Les émissions sont évaluées selon deux indicateurs principaux :
- WtW (well-to-wheel) par MJ de carburant (gCO₂eq/MJ), incluant ou non les émissions des infrastructures énergétiques.
- WtW par unité de transport de conteneurs (gCO₂eq/TEU.km), prenant en compte l'efficacité des moteurs, les besoins en carburant pilote et les contraintes de charge.
Principales Conclusions
E-Méthanol
- En supposant une électricité 100 % renouvelable et une capture de CO₂ issue de gaz de combustion (2035) puis de l'air (2050), les émissions WtW atteignent 16 ± 4 gCO₂eq/MJ en 2025, 12 ± 3 gCO₂eq/MJ en 2035 et 5 ± 1 gCO₂eq/MJ en 2050 [valeurs moyennes ± écarts types].
- Dans les scénarios où la capture de CO₂ est alimentée par du gaz naturel et l'électricité locale, les émissions WtW sont plus élevées (26 ± 7 gCO₂eq/MJ en 2025).
- L’e-méthanol est adapté à la décarbonation. Il réduit les émissions Well-to-Wake (WtW) moyennes par TEU.km d’environ 70 % par rapport au VLSFO, mais dépend de la disponibilité et de la capture du CO₂ biogénique, ce qui peut poser des défis logistiques et de mise à l’échelle.
Bio-Méthanol
- Le bio-méthanol est adapté à la décarbonation. Il réduit les émissions WtW moyennes par TEU.km d’environ 80 % par rapport au VLSFO, à condition que de la biomasse durable soit utilisée.
- Le transport du bio-méthanol fini plutôt que de la biomasse brute optimise les émissions.
E-Ammoniac
- En supposant une électricité 100 % renouvelable, les émissions WtW atteignent 17 ± 4 gCO₂eq/MJ en 2025 et 5 ± 1 gCO₂eq/MJ en 2050.
- L’e-ammoniac est adapté à la décarbonation. Il réduit les émissions WtW moyennes par TEU.km d’environ 50 % par rapport au VLSFO, mais rencontre des défis liés à l’efficacité des moteurs, à l’utilisation élevée de carburant pilote et aux émissions de N₂O.
- Des avancées technologiques en cours pourraient améliorer ces performances, nécessitant une optimisation supplémentaire des moteurs et des navires.
Ammoniac Bleu
- Avec des émissions WtW de 83 ± 12 gCO₂eq/MJ en 2025, 61 ± 6 gCO₂eq/MJ en 2035 et 29 ± 4 gCO₂eq/MJ en 2050, il ne respecte pas le seuil de réduction de 70 %.

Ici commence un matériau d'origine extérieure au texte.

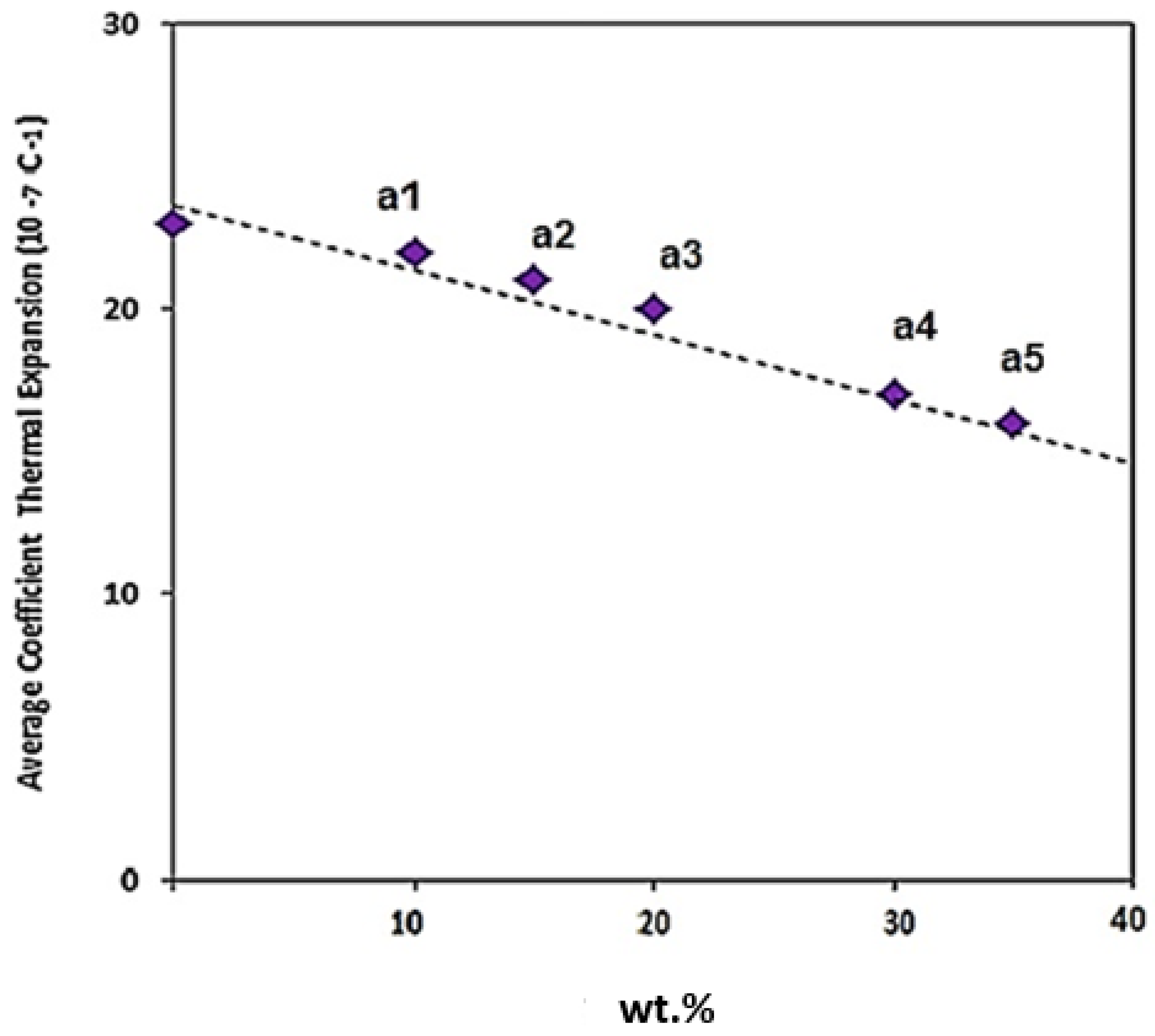 Materials 15 04153 g019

- L’ammoniac bleu n’est actuellement pas viable pour la décarbonation. Il émet en moyenne légèrement plus d’émissions WtW par TEU.km que le VLSFO, en raison des émissions de méthane et de CO₂ associées à la chaîne d’approvisionnement en gaz naturel et au procédé de production de l’hydrogène bleu.

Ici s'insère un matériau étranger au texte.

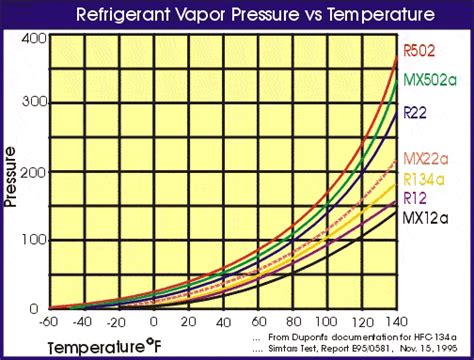 R22a Pressure Chart Kemele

- Ce n’est que dans des conditions optimisées spécifiques, considérées en 2050, qu’il pourrait potentiellement jouer un rôle de solution de transition.

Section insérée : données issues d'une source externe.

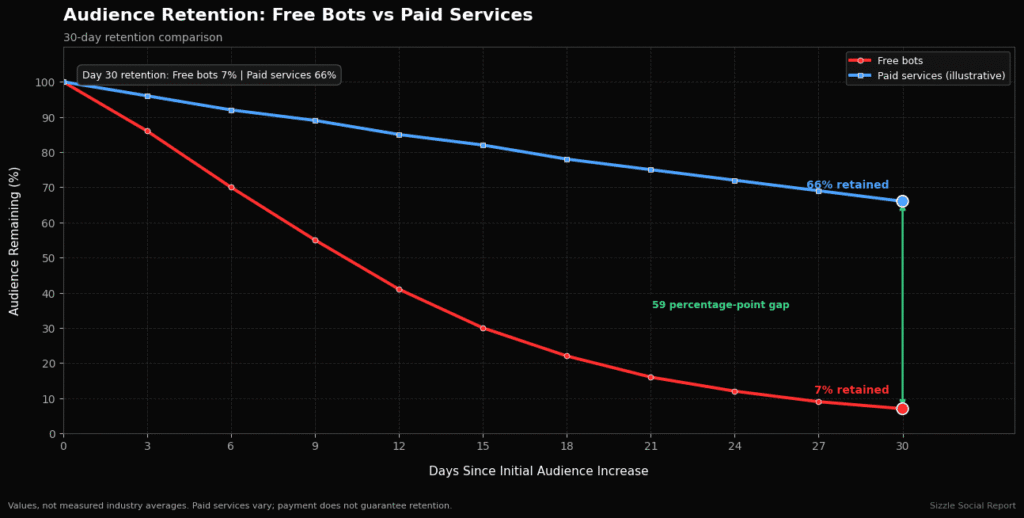 A statistical line chart tracking audience retention between free bots and paid services.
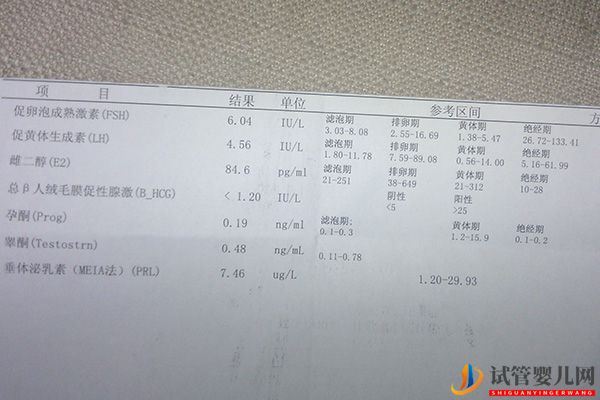 促卵泡生成素的值要低于10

Facteurs Clés et Perspectives
- Règlementation : L’e-méthanol et l’e-ammoniac affichent une réduction d’environ 90 % des émissions selon la comptabilisation conforme à l’UE, mais environ 80 % lorsque les émissions liées aux infrastructures sont incluses, tout en respectant les seuils réglementaires.
- Région de production : Le mix électrique local influence fortement les émissions des e-carburants.
- Transport des carburants : Les longues distances augmentent les émissions, réduites avec l'utilisation des carburants alternatifs eux-mêmes comme source d'énergie de transport.
- Considérations : Le choix des carburants doit intégrer les émissions sur l'ensemble du cycle de vie et la faisabilité de leur adoption à grande échelle.